You got a minute?

Administration should extend unrealistic six-minute passing period before it’s too late to help students, teachers


Dave Winter

CROWDSOURCING: Arwen Frederiksen (far left) walks down the hallway before school starts to re-familiarize themselves with the campus. “[The hallways] were definitely busier than I expected,” Frederiksen said. After almost a year and a half of virtual learning, Frederiksen expresses how they are simply happy to be around other people once again. “I haven’t seen a bunch of my just school friends in forever,” Frederiksen said. “It was great.” Reporting by Alysa Spiro.

Naomi DiCapua and Sophie Leung-Lieu

It’s 2:58. You glance down at your phone and stand up, sliding it into your pocket. You push your way through the crowd at the door, stepping into the hallway as the bell rings. 2:59—it’s go time. You snake your way through the hallway, trying to make it to the next class, praying you don’t trip or run into someone. You’re close to class, but you won’t make it in time. 3:05. That’s the second bell. You’re late.

Unfortunate or not, this scenario is now the reality for many students. It’s an issue that creates unnecessary stress on both students and teachers.

Students don’t have enough time to get from one end of the school to another.

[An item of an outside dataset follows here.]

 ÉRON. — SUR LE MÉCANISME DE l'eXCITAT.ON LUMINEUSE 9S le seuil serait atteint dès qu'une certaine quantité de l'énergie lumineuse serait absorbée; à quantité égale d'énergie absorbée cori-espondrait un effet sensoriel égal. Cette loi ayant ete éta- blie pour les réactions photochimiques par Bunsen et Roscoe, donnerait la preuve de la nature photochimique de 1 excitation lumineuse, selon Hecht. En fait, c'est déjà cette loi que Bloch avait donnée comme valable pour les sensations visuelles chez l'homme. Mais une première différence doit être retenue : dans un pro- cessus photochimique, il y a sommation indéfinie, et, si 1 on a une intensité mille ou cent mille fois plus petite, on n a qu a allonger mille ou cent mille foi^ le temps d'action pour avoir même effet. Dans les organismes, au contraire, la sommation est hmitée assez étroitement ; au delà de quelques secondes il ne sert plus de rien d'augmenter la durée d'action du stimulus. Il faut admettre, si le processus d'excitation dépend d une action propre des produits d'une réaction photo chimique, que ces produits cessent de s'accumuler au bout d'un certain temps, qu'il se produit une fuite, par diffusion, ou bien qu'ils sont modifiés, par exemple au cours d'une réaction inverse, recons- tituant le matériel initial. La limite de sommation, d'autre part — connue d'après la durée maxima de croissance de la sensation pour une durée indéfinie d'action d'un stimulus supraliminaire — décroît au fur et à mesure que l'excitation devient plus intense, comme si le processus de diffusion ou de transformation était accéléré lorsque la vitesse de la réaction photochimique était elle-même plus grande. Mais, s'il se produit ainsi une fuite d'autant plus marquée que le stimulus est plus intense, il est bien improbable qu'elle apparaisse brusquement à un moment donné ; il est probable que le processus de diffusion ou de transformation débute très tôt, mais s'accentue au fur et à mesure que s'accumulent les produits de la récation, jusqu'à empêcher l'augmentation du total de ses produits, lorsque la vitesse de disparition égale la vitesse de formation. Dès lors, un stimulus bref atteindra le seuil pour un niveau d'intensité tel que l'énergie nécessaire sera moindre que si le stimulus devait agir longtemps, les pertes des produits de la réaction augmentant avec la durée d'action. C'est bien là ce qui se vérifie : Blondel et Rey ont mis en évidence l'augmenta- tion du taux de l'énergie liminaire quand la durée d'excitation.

At a school like McCallum, many students must travel the length of the campus between classes. Passing periods should accommodate and support that long-distance journey.

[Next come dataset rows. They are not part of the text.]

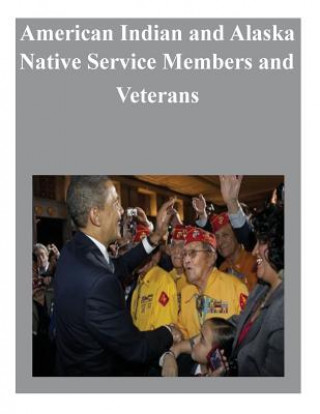 Книга American Indian and Alaska Native Service Members and Veterans U S Department of Veterans Affairs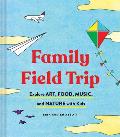 Family Field Trip Explore Art Food Music & Nature with Kids Child Raising & Parenting Book Montessori & World Schooling Book Summer Vacation Guide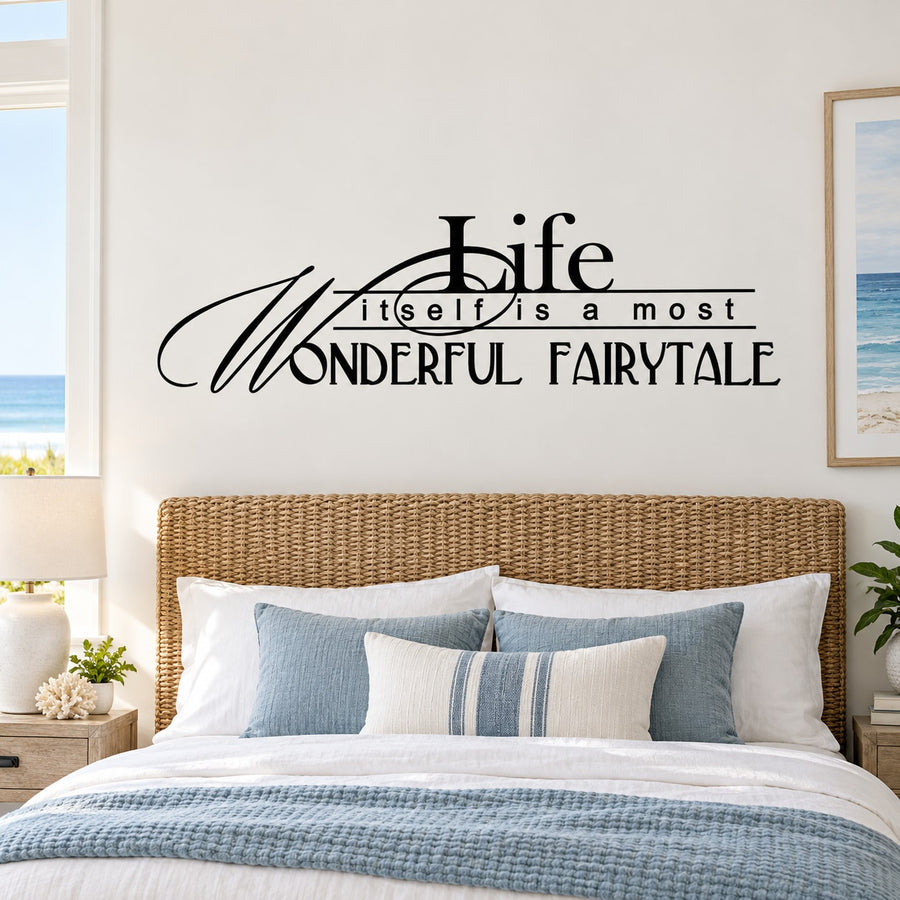 Wall decal featuring ornate black lettering: "Life" and "Wonderful Fairytale"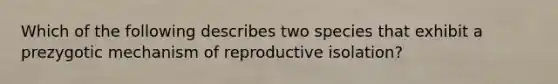 Which of the following describes two species that exhibit a prezygotic mechanism of reproductive isolation?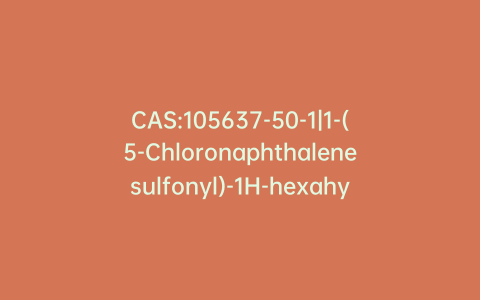 CAS:105637-50-1|1-(5-Chloronaphthalenesulfonyl)-1H-hexahydro-1,4-diazepine, Hydrochloride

Currently, six-minute passing periods hardly give students enough time to get from class to class, let alone accommodate the wide variety of necessary detours. If a student needs to use the restroom, ask their teacher a question or even be stopped in the hallway, the passing period doesn’t allow for a student to handle that business and still make it to class on time.

Furthermore, the short lunch of 40 minutes is less than in previous years and leaves students with less time to rest and regroup mentally before the second half of the day. With an extended passing period, students could have time to regroup before their next class and have a brain break without the pressure of not having enough time.

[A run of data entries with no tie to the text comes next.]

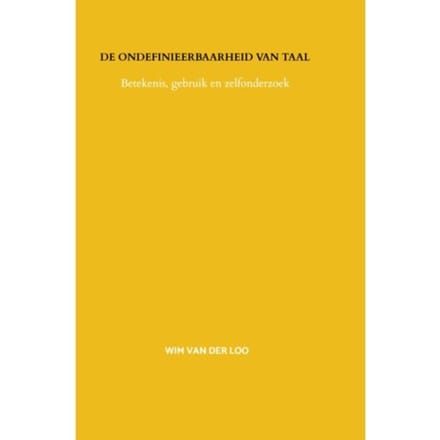 De Ondefinieerbaarheid Van Taal - Wim van der Loo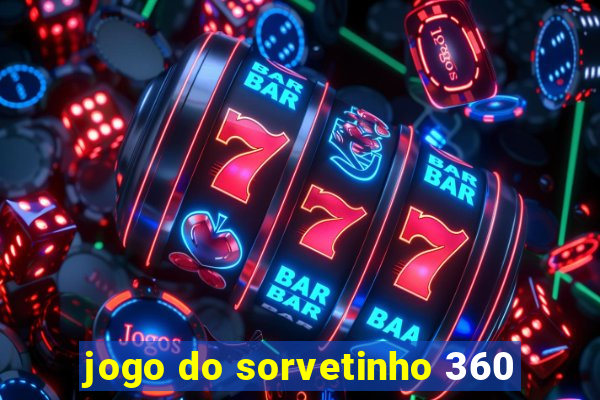 jogo do sorvetinho 360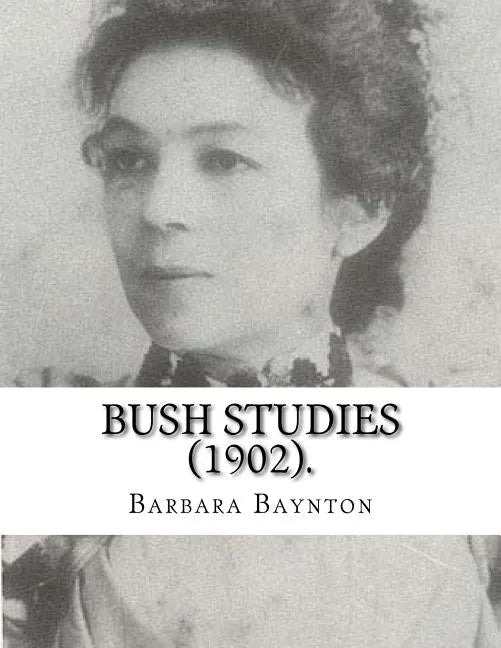 Bush Studies (1902) By: Barbara Baynton: Short story collection by Barbara Janet Ainsleigh Baynton, Lady Headley (4 June 1857 - 28 May 1929) w - Paperback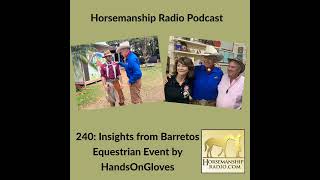 240 Insights from Barretos Equestrian Event by HandsOnGloves [upl. by Nerval]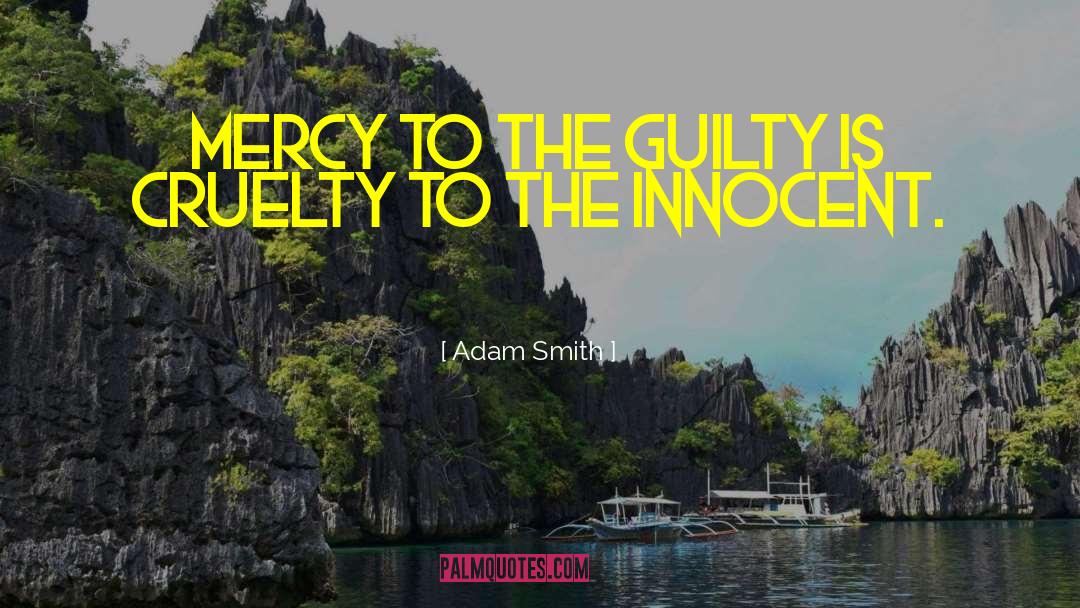 Adam Smith Quotes: Mercy to the guilty is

McCallum has consistently attempted to provide students with mental-health assistance, so why doesn’t the school simply build one of the simplest stress-reducing solutions into the students’ daily schedule?

n an Oct. 12 poll conducted on MacJournalism’s Instagram, 90% of the 752 students who responded said that passing periods were too short for students to get to class on time.

While it may seem like this is entirely a student issue, longer passing periods would benefit teachers as well. With longer passing periods, faculty can be allowed to prepare for classes, answer student questions and respond to emails. It also gives them time to socialize or complete work that cannot be done while they are busy teaching classes.

The solutions to this issue are numerous, and most of them will allow the school to maintain similar hours. Taking minimal time out of advisory or classes may allow a couple of minutes to re-allocated to passing periods.

McCallum could also return to the seven-minute passing period schedule that it had in 2019, which included the school day beginning at 9 a.m. as opposed to 9:05.

Because students and staff could benefit from time in between classes, the length of passing periods need to be extended. This extension will increase productivity throughout the school day and limit concerns students may have, while also changing how crowded the hallways have become.